• calistigi yerden ayrilirken gorevini iyi yaptigini belirtmek amaciyla birine verilen belge, temiz is kagidi.
  • futbolcunun tapusu. transfer döneminde adını sık sık duyduğumuz kiyat. bir çeşit "mavi boncuk kimdeyse benim gönlüm ondadır" malzemesi.

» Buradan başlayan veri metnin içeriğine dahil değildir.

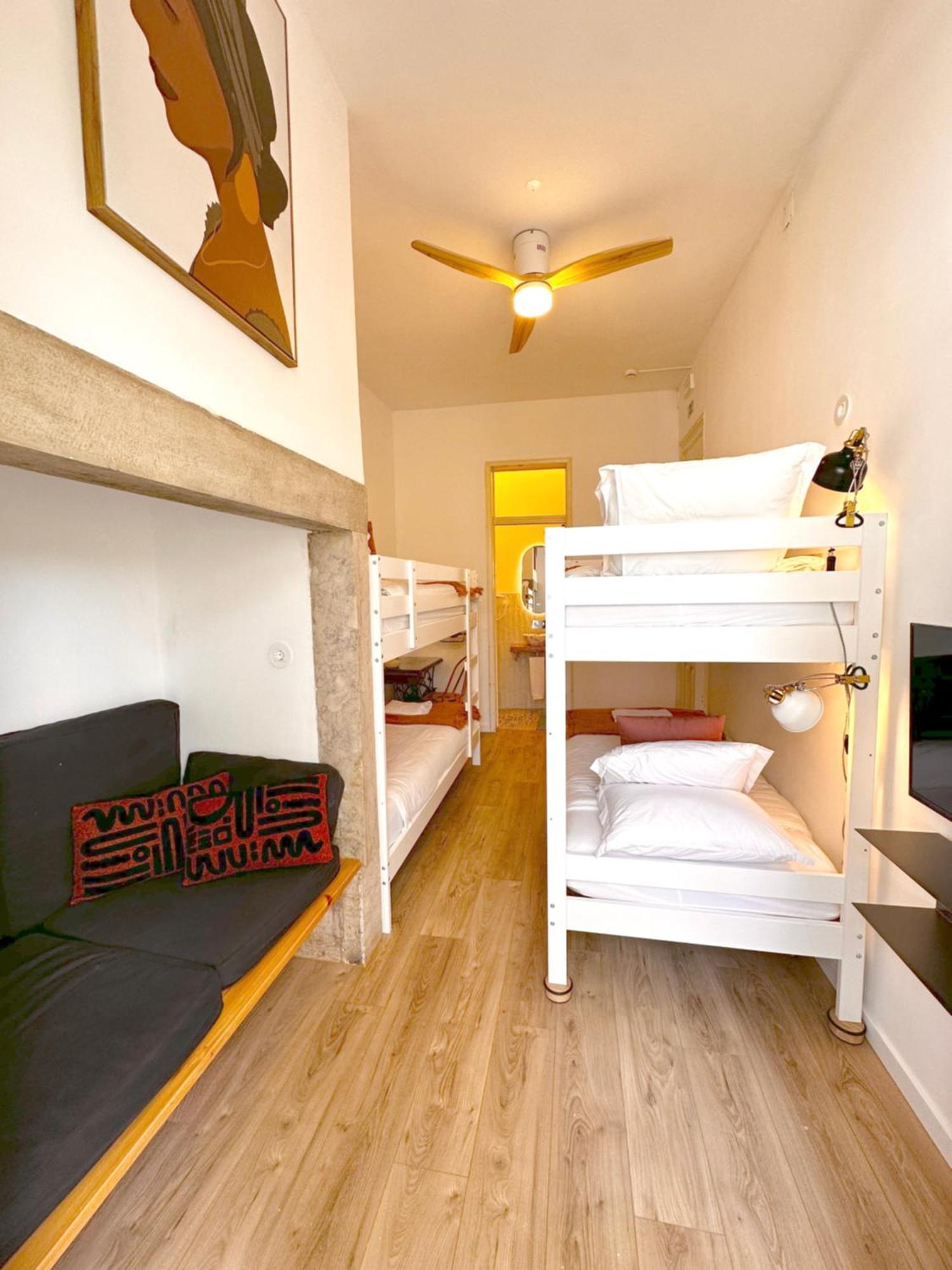 Lisbon Chillout Hostel Bagian luar foto
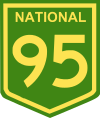 Australian National Route 95.svg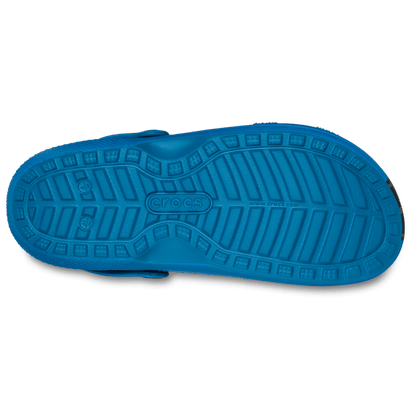 NFL Detroit Lions Classic Lined Clog - Crocs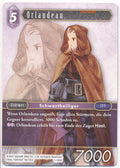 Final Fantasy Opus 1-126 H Orlandeau Blitz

  • fransızca bon=iyi, service=hizmet. yani iyi hizmet
  • bir ayran markası*
  • kulübüyle sözleşmesi süren bir futbolcunun transferi için kulübüne ödenmesi gereken bedel olarak kullanılmaya devam edilse de geçerliliğini kaybetmiş bir kavramdır. bosman (jean marc bosman) olayından önce bir futbolcu, sözleşmesi bitse dahi kulübün malı olarak değerlendiriliyor ve kulübü bir başka kulübe transfer olabilmesi için bonservis tabir edilen bir bedel talep ediyordu. futbolcu ancak ve ancak bu bedel ödendiği takdirde bir başka kulüple sözleşme yapabiliyordu. aksi takdirde ya kulübünün önerdiği ücretle sözleşmesini uzatmak veya futbolu bırakmak zorunda kalıyordu. halbuki bosman’dan sonra bu iş değişti. bugün artık kulübüyle olan sözleşmesi sona eren bir futbolcu istediği herhangi bir kulübe imza atmak için böyle bir bedel ödemek zorunda değil. fakat bonservis kelimesi de halen kullanılmaya devam ediyor. oysa bugün kullanılan haliyle bonservis bildiğimiz tazminat anlamına geliyor. yani kulübüyle olan sözleşmesinin süresi bitmemiş olan bir futbolcu bu sürenin sonunu beklemeden başka bir takıma gitmek isterse sözleşmesinde belirtilmiş olan veya o anda kulüp tarafından belirlenen bedeli sözleşme bozma tazminatı olarak kulübüne ödemek zorunda. bir başka deyişle eğer siz sözleşmesi devam eden bir futbolcuyu takımınıza transfer etmek istiyorsanız bu tazminatı ödemeyi kabul etmek durumunda oluyorsunuz. bu da bir nevi futbolcu tapusu olarak işleyen ancak günümüzde geçersiz olan bonservisten çok farklı bir olay. neticede bonservis futbolcu alım satımını mümkün kılan bir kavramken bugün geçerli olan şey profesyonelliğe çok daha uygun olan sözleşme ve tazminat sistemidir. söz konusu tazminatların eski bonservis bedelleri gibi çok yüksek seviyelerde olması ise sözleşme imzalarken tazminat bedelinin ne olacağı konusunda herhangi bir madde koydurmayı ihmal eden veya alacağı ücretin cazibesinden ötürü bu konuda kulübe taviz veren futbolcuların neden olduğu bir durum. bu ihmal ya da taviz ise futbolcuları sözleşme süresinin sonuna dek eski bonservis dönemindeki gibi kulüplerin kölesi haline getirebiliyor. transferde bonservis kavramının kullanılmaya devam edilmesinin nedeni de kulüplerin sözleşme feshi için çok yüksek tazminatlar talep ederek futbolcu alıp satabildikleri eski günleri bir başka biçimde sürdürme alışkanlıklarının sonucu olarak karşımıza çıkıyor.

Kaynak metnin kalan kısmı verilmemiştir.